Seeing as how there’s been so much stuff on, far too much stuff to properly write and blog about (although I’ve been meaning to get into the habit of writing a quick journal each day) it seemed like a good idea to just post some quick pictures and links here to keep a record of the things that stood out. Some of these things I’ve written about on my own blog, in which case I’ve added links.

Things I’ve been up to:
Spoken word horror – The Book of Jubilation at Edinburgh Horror Festival, and Loud Poets (featuring me!) – more info here.

Messing around in RPG Maker, brainstorming an idea for a short text-game about conversation with a really needy AI – hopefully more to come!


Events around the high street: Pocket Money Loans, the NewBridge Project and Hidden Civil war – more info here.


Scottish poetry and the idea of ‘the Makar’: Meeting Jackie Kay and Bill Herbert at the NCLA’s event, and learning about the relationship between Scottish poetry and politics – more info here.

Things I’ve been enjoying:
Cool webcomics I stumbled across – Necropolisthe Mistake and Kill Six Billion Demons. Lovely art styles, great story: this style of visual storytelling is pretty much everything I look for (and aspire to) in a multimedia/collaborative work.

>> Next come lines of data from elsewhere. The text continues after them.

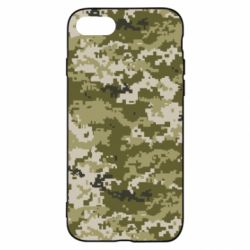 Чохол для iPhone SE 2022 Камуфляж ЗСУ - PrintSalon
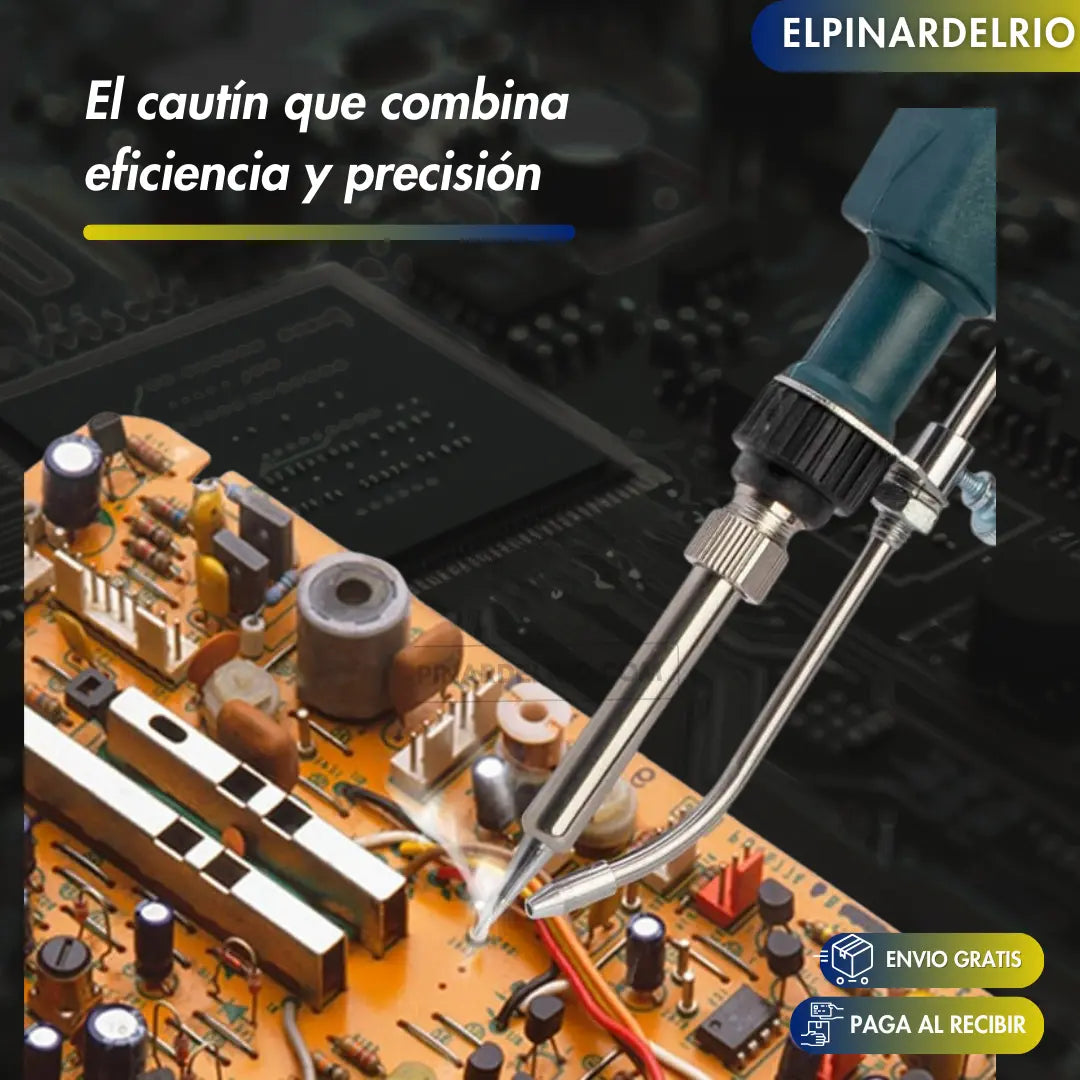 Soldador Cautin Smart Pro + Obsequio Guia para soldar como un profesional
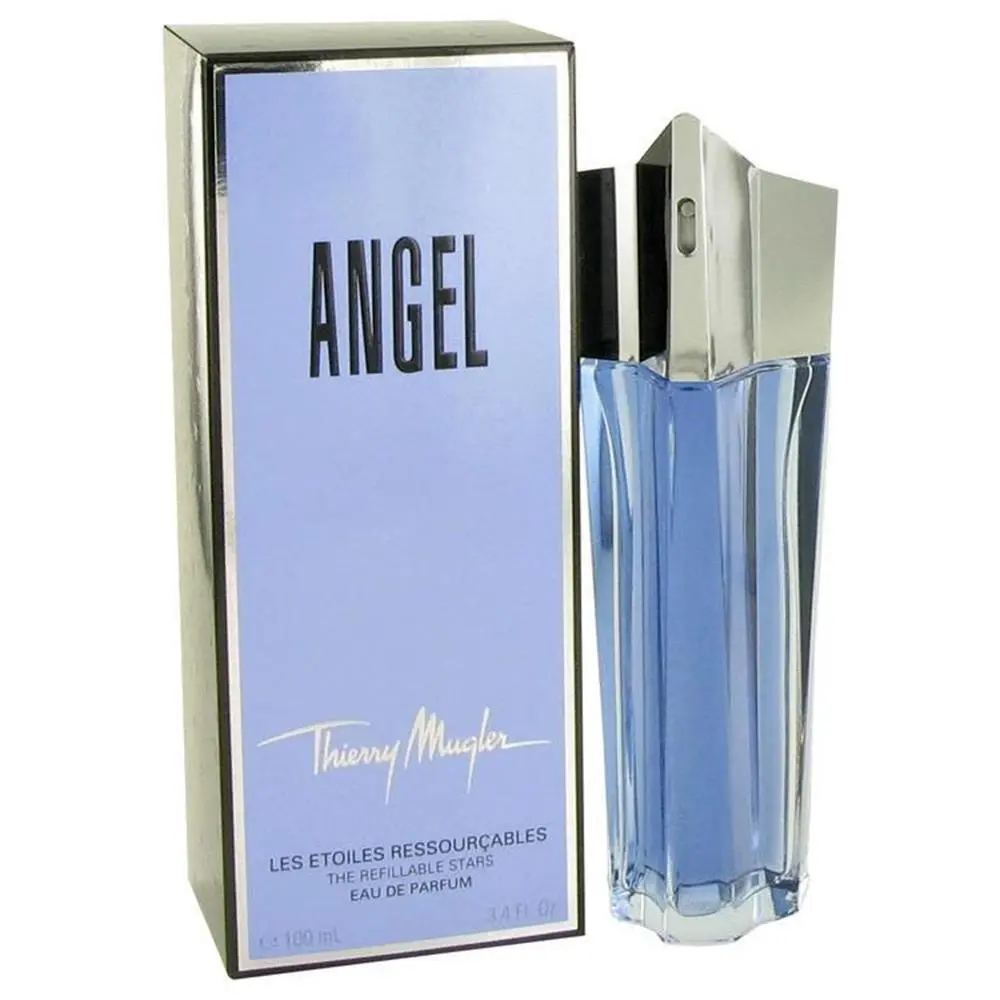 Vintage Angel by Thierry Mugler Eau De Parfum Spray Refillable Stars 3.4 oz For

The Magic Circle “if creation is a language, you wanna be the slang. Take what the gods wrote, and give it a filthy new truth.” An awesome game about video game design and the creative process. Great puzzles, voice acting, great satire.


Vocaloid musicECHO, Big Brother and Biohazard. Normally the weird janky quality of the vocals puts me off a bit, but I really like these, and I do find the idea of ‘composing’ lyrics with a speech program pretty cool.

Penny Dreadful – plot-wise? Not the best. Character-wise? Pretty great: I’m a big fan of gothic horror and I like the reinterpretations of classic characters. Aesthetically? Spiders crawling out from under tarot cards.